"Merci, mais je préfère ma formule."
Lorsque les biographes se pencheront sur la carrière d'Andrew Niccol,
ils auront vraisemblablement quelques difficultés à dégager une ligne
directrice à son œuvre. Il est vrai que celle-ci est encore courte,
trois films en dix ans auxquels s'ajoutent deux scénarii, également
originaux. Le cinéaste néo-zélandais semble cependant surgir là où on
l'attend le moins. Lord of War
en est une preuve manifeste, avec lequel il passe du circuit balisé des
productions hollywoodiennes à la complexité des montages financiers
indépendants et de la réalité virtuelle à une matérialité mortellement
concrète. Le film et Niccol nous surprennent donc, à la fois de manière extrinsèque et intrinsèque, mais sans parvenir à nous convaincre tout à fait.

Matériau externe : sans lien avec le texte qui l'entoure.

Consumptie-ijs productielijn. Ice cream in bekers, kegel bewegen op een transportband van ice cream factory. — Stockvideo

Immigré avec ses parents et son jeune frère aux Etats-Unis en provenance d'Ukraine, Yuri Orlov
se cherche une vocation. Ce fils de restaurateur a un jour la
révélation en assistant à un règlement de compte entre mafieux chez un
concurrent : il deviendra négociant en armes. D'une paire d'Uzi
vendue à la sauvette dans une chambre d'hôtel à un deal conclu avec un
trafiquant de drogue colombien, son petit business prend de l'essor même
s'il est traité d'amateur par Simeon Weisz, le ponte de son métier, croisé pendant un salon professionnel et s'il est poursuivi par Jack Valentine, un tenace officier d'Interpol.

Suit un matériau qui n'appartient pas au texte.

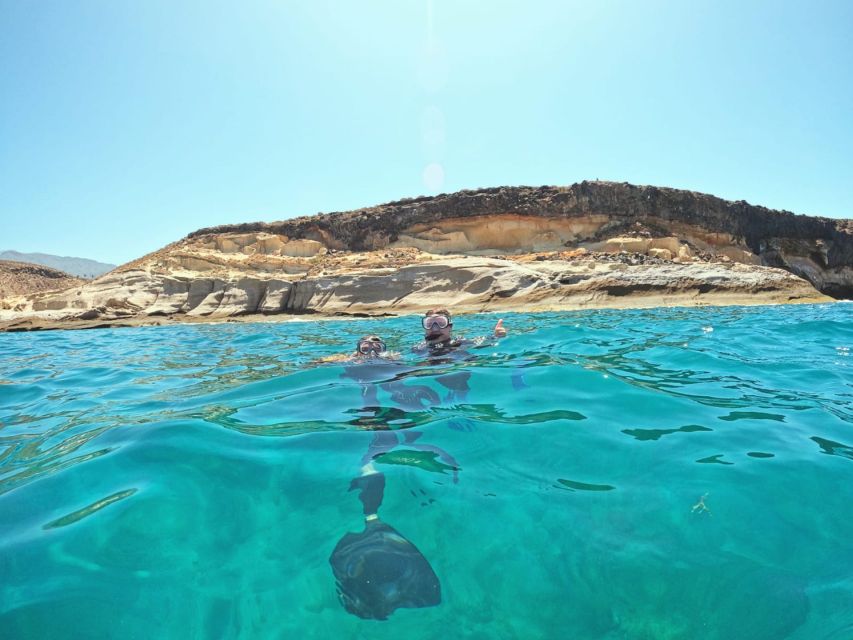 Tenerife: Puerto Colon Snorkel Safari by Speed Boat - Marine Life Highlights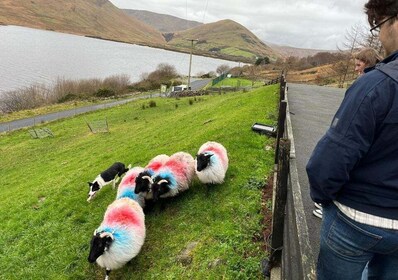 Piccolo gruppo: Connemara, Mostra di cani da pastore e Tour del Castello Me...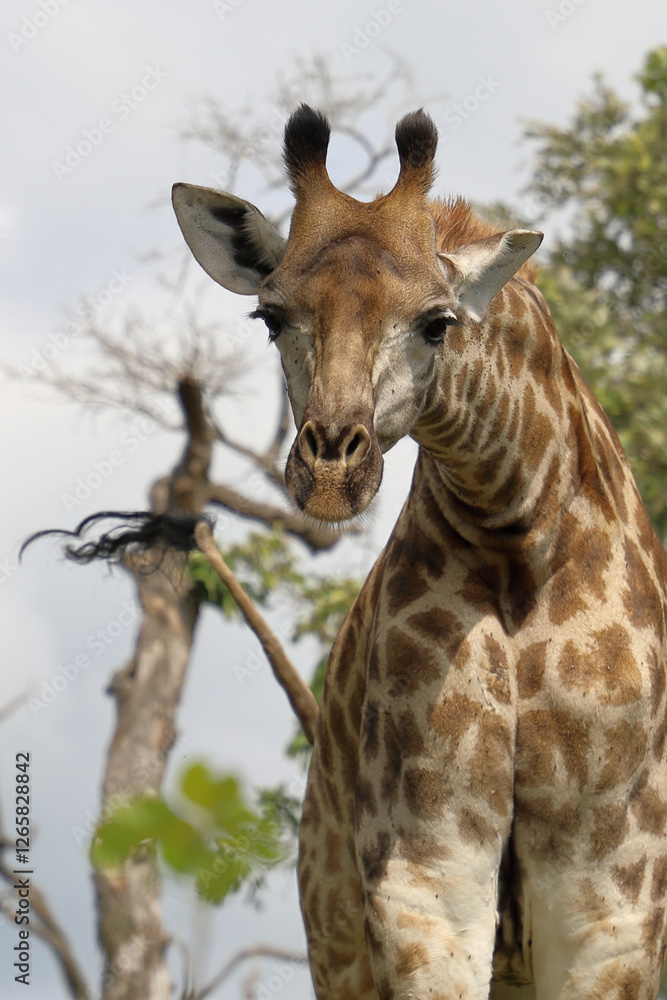 Obraz premium Giraffe / Giraffe / Giraffa camelopardalis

Son frère et associé Vitaly, devenu dépendant à la cocaïne et devant suivre une cure de désintoxication, Yuri poursuit seul sa faussement lucrative activité, grâce à laquelle il parvient toutefois à séduire et épouser Ava Fontaine, le top model qu'il convoite depuis son élection au titre de Miss Long Island.
Lorsque Mikhaïl Gorbatchev annonce la fin de la guerre froide, se
traduisant par le démantèlement du Pacte de Varsovie, une nouvelle ère
s'ouvre alors pour Yuri, avec l'aide de son oncle Dmitri, un général de l'armée ukrainienne.
Le
trafic d'armes international est un sujet constamment brûlant,
passionnant et qui n'a jamais été véritablement traité au cinéma. Une
riche idée de film, en somme. A priori seulement. Car avec la production
de Lord of War, Andrew Niccol a pleinement éprouvé l'expression selon laquelle "il y a loin de la coupe aux lèvres".
Malgré cela, le film est plutôt réussi et l'on prend un réel plaisir à
cette fiction, bien documentée et inspirée de personnages et de
situations authentiques, où légalité et moralité se renvoient, si l'on
peut dire, la balle ! Le choix d'une narration en partie en voix off,
tel un exposé, renforce d'ailleurs son caractère documentaire tout en
donnant au récit une dimension "confessionnalle".
Il
est, en revanche, dommage que le scénario mise autant sur la formule et
que la mise en scène s'apparente un peu trop à un catalogue filmé de
voyages (réminiscences du passé de réalisateur de publicités télévisées de Niccol ?).
On regrette également la relative timidité du cynisme développé par le
film qui avait largement les moyens d'être beaucoup plus féroce. Ou, à
l'inverse, ne pas voir le côté parodique de ce portrait être renforcé en
optant pour... une comédie musicale.